OXYGENERATOR: Reconstructing Global Ocean Deoxygenation Over a Century with Deep Learning
Bin Lu, Ze Zhao, Luyu Han, Xiaoying Gan, Yuntao Zhou, Lei Zhou, Luoyi Fu, Xinbing Wang, Chenghu Zhou, Jing Zhang
TL;DR
This work addresses the challenge of reconstructing global ocean deoxygenation over a century under sparse observations. It introduces OxyGenerator, a deep-learning framework that combines a 4D graph, a zoning-varying graph hypernetwork, and chemistry-informed regularization to learn spatio-temporal DO dynamics and chemical couplings with nitrogen and phosphorus. The approach significantly outperforms CMIP6 simulations, reducing MAPE by about 38.8%, and provides adaptive, region-specific zoning and uncertainty-calibrated reconstructions.

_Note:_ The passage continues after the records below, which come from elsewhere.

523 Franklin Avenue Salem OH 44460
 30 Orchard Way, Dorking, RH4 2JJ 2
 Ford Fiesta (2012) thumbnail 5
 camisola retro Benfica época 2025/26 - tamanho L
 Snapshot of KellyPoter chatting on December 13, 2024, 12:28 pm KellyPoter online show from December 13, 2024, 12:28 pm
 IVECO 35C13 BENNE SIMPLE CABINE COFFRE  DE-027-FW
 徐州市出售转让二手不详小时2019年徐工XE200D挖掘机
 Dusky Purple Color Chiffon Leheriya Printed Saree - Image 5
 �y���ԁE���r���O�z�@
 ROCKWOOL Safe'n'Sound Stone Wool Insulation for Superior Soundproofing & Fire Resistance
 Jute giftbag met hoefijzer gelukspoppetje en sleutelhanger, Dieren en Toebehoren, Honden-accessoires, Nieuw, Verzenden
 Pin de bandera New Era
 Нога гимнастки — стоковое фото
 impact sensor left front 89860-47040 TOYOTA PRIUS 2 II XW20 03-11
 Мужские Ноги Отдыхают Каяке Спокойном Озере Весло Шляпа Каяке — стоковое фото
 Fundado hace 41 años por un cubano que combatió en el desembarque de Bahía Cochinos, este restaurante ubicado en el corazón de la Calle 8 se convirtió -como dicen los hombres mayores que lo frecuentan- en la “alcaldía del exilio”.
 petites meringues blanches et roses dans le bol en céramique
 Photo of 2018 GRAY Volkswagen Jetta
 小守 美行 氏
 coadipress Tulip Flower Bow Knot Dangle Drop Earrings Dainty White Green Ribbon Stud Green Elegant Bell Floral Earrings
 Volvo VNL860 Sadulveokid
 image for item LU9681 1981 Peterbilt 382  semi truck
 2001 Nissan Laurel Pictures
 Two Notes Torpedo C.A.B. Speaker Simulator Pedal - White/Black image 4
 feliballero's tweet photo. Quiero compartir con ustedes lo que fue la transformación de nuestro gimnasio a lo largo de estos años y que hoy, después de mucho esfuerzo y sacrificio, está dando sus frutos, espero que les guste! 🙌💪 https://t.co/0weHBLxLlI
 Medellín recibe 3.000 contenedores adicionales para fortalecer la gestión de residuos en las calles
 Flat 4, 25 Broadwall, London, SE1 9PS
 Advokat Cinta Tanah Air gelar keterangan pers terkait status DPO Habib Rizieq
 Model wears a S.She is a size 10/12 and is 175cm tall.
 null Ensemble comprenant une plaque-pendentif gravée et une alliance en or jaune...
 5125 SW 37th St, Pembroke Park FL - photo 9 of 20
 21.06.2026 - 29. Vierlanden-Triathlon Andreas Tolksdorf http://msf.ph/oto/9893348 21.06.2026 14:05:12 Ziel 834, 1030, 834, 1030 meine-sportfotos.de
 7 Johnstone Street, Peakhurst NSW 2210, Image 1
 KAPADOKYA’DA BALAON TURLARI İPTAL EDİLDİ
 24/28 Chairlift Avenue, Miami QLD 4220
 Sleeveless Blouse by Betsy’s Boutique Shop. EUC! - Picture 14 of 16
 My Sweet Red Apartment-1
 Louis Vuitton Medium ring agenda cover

The study demonstrates the potential of data-driven Earth-system methods to illuminate long-term ocean health trends and informs future oceanographic and climate research, while acknowledging data sparsity and the need for continued validation. Overall, the paper presents a data-driven, physics-aware pathway to understanding the evolving footprint of deoxygenation in the global ocean.
Abstract
Accurately reconstructing the global ocean deoxygenation over a century is crucial for assessing and protecting marine ecosystem. Existing expert-dominated numerical simulations fail to catch up with the dynamic variation caused by global warming and human activities. Besides, due to the high-cost data collection, the historical observations are severely sparse, leading to big challenge for precise reconstruction. In this work, we propose OxyGenerator, the first deep learning based model, to reconstruct the global ocean deoxygenation from 1920 to 2023. Specifically, to address the heterogeneity across large temporal and spatial scales, we propose zoning-varying graph message-passing to capture the complex oceanographic correlations between missing values and sparse observations. Additionally, to further calibrate the uncertainty, we incorporate inductive bias from dissolved oxygen (DO) variations and chemical effects. Compared with in-situ DO observations, OxyGenerator significantly outperforms CMIP6 numerical simulations, reducing MAPE by 38.77%, demonstrating a promising potential to understand the "breathless ocean" in data-driven manner.